The expected output is every entry, repeated exactly.

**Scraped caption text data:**
◆ ◆ ◆ ◆ ◆
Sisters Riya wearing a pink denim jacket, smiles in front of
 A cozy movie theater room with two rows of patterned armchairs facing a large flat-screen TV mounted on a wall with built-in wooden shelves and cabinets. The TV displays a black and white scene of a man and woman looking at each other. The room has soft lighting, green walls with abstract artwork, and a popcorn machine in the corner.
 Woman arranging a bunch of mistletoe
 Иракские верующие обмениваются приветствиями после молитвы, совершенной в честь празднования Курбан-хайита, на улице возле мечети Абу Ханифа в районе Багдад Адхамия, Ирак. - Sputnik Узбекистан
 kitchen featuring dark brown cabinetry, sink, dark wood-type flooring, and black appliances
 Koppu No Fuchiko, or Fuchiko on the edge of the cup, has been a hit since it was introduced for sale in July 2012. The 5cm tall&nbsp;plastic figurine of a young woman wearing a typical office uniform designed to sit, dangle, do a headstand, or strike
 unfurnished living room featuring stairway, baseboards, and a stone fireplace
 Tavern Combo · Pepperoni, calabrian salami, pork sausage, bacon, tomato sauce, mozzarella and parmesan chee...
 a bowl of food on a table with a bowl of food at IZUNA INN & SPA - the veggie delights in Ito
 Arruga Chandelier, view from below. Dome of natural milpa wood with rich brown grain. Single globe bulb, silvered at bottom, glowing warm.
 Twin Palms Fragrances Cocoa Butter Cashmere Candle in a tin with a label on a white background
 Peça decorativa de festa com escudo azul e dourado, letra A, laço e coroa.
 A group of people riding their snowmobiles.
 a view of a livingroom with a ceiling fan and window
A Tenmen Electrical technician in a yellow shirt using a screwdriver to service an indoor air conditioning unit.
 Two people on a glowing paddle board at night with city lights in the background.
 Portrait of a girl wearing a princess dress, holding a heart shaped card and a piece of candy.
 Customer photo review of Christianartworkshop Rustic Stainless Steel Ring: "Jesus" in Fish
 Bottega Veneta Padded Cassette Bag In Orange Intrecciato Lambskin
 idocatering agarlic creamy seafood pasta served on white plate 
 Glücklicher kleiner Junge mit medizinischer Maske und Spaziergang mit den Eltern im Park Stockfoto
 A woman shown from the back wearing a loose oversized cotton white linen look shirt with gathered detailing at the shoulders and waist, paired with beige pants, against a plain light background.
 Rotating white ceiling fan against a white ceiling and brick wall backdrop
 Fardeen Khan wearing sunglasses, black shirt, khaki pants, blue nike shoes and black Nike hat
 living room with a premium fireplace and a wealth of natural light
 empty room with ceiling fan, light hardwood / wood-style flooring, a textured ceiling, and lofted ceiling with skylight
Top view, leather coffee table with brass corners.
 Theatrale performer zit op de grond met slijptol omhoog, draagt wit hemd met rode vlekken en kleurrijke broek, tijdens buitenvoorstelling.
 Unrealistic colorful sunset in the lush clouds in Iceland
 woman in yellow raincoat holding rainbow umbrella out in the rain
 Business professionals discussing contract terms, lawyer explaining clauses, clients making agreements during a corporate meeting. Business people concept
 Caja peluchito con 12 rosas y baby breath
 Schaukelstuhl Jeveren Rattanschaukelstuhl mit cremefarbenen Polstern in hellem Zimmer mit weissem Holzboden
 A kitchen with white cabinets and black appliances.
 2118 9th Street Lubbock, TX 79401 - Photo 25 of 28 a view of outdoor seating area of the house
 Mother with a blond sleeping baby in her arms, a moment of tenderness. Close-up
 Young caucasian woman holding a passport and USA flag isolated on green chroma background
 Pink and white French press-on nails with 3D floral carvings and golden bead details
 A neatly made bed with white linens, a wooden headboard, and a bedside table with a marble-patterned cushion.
◆ ◆ ◆ ◆ ◆
**Answer section:**
Sisters Riya wearing a pink denim jacket, smiles in front of
 A cozy movie theater room with two rows of patterned armchairs facing a large flat-screen TV mounted on a wall with built-in wooden shelves and cabinets. The TV displays a black and white scene of a man and woman looking at each other. The room has soft lighting, green walls with abstract artwork, and a popcorn machine in the corner.
 Woman arranging a bunch of mistletoe
 Иракские верующие обмениваются приветствиями после молитвы, совершенной в честь празднования Курбан-хайита, на улице возле мечети Абу Ханифа в районе Багдад Адхамия, Ирак. - Sputnik Узбекистан
 kitchen featuring dark brown cabinetry, sink, dark wood-type flooring, and black appliances
 Koppu No Fuchiko, or Fuchiko on the edge of the cup, has been a hit since it was introduced for sale in July 2012. The 5cm tall&nbsp;plastic figurine of a young woman wearing a typical office uniform designed to sit, dangle, do a headstand, or strike
 unfurnished living room featuring stairway, baseboards, and a stone fireplace
 Tavern Combo · Pepperoni, calabrian salami, pork sausage, bacon, tomato sauce, mozzarella and parmesan chee...
 a bowl of food on a table with a bowl of food at IZUNA INN & SPA - the veggie delights in Ito
 Arruga Chandelier, view from below. Dome of natural milpa wood with rich brown grain. Single globe bulb, silvered at bottom, glowing warm.
 Twin Palms Fragrances Cocoa Butter Cashmere Candle in a tin with a label on a white background
 Peça decorativa de festa com escudo azul e dourado, letra A, laço e coroa.
 A group of people riding their snowmobiles.
 a view of a livingroom with a ceiling fan and window
A Tenmen Electrical technician in a yellow shirt using a screwdriver to service an indoor air conditioning unit.
 Two people on a glowing paddle board at night with city lights in the background.
 Portrait of a girl wearing a princess dress, holding a heart shaped card and a piece of candy.
 Customer photo review of Christianartworkshop Rustic Stainless Steel Ring: "Jesus" in Fish
 Bottega Veneta Padded Cassette Bag In Orange Intrecciato Lambskin
 idocatering agarlic creamy seafood pasta served on white plate 
 Glücklicher kleiner Junge mit medizinischer Maske und Spaziergang mit den Eltern im Park Stockfoto
 A woman shown from the back wearing a loose oversized cotton white linen look shirt with gathered detailing at the shoulders and waist, paired with beige pants, against a plain light background.
 Rotating white ceiling fan against a white ceiling and brick wall backdrop
 Fardeen Khan wearing sunglasses, black shirt, khaki pants, blue nike shoes and black Nike hat
 living room with a premium fireplace and a wealth of natural light
 empty room with ceiling fan, light hardwood / wood-style flooring, a textured ceiling, and lofted ceiling with skylight
Top view, leather coffee table with brass corners.
 Theatrale performer zit op de grond met slijptol omhoog, draagt wit hemd met rode vlekken en kleurrijke broek, tijdens buitenvoorstelling.
 Unrealistic colorful sunset in the lush clouds in Iceland
 woman in yellow raincoat holding rainbow umbrella out in the rain
 Business professionals discussing contract terms, lawyer explaining clauses, clients making agreements during a corporate meeting. Business people concept
 Caja peluchito con 12 rosas y baby breath
 Schaukelstuhl Jeveren Rattanschaukelstuhl mit cremefarbenen Polstern in hellem Zimmer mit weissem Holzboden
 A kitchen with white cabinets and black appliances.
 2118 9th Street Lubbock, TX 79401 - Photo 25 of 28 a view of outdoor seating area of the house
 Mother with a blond sleeping baby in her arms, a moment of tenderness. Close-up
 Young caucasian woman holding a passport and USA flag isolated on green chroma background
 Pink and white French press-on nails with 3D floral carvings and golden bead details
 A neatly made bed with white linens, a wooden headboard, and a bedside table with a marble-patterned cushion.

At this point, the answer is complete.